I’m sorry that things have been a little quiet the past couple of days but I have been pondering many thoughts in this gray matter of mine. It has been one of those weeks that on the whole has been really great in some ways, but odd in others. I have been internalizing some of the things, and I thought if I shared a few of them, maybe it would help me process things and stop focusing on them so much.

Bear with me.

  • Two days ago I found out that after 24 years, the man who murdered a friend of mine in 1986 had finally been put to death.   He’d been on death row all that time and I’d honestly come to the conclusion that the tax payers would be paying for him to live out his life in prison.   That wasn’t the case, and even though it was 24 years too late, I’m glad that justice was finally served in the murder of Rhonda Crane.   She was truely one of the most amazing women I have ever known.  I rank her up there with my Grandma Jo and believe me when I say that it’s saying something for anyone to be in the same league with her.
  • Someone I love dearly is struggling with some issues right now.  I can’t go into the details, but this is something that’s gone on far too long and it gets more and more ridiculous as time moves on.   It’s taking a toll on other people that I love, which makes me sad.   It doesn’t help that they try to keep me from knowing how it’s affecting them;  I know.
  • Tomorrow night Ainsley and Olivia will be graduating from High School and I won’t be there.   A & O are the twin daughters of my dearest friend Samantha.   She and I have been friends since we were teenagers and now her girls will be receiving their diploma’s and graduating with honors.   I should be there for all this, plus to go on the cruise with them, yet I’m not.   Sometimes I feel as though I miss out on too many things by living here.
  • I’ve been thinking a lot about Carol lately.   Her birthday is in 8 days, and I have so much that I would like to say.   I seem to be flooded with thoughts of her, and keep having dreams where I wake up with the urge to call her, only to realize that I can’t.   Sometimes, it still doesn’t seem real that she’s gone- but yet I know she is.

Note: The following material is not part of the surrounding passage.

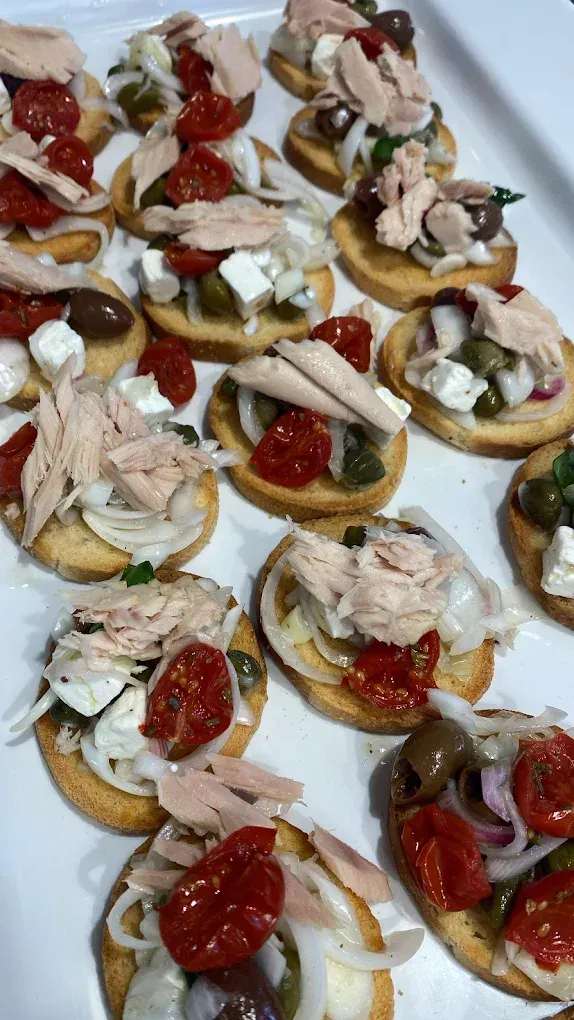 Piatto di frutti di mare con limoni e arance su un tavolo; bottiglie e bicchiere di vino sullo sfondo.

These are just a few of the things that are rattling around.   There are many other things- great things, such as some inspiration for jewelry that I came up with, and spending time with great friends and the list goes on.  I’m very blessed, and don’t think for one second that I don’t know and recognize that, but life doesn’t guarantee us constant sunshine, so we have to learn how to deal with the rain.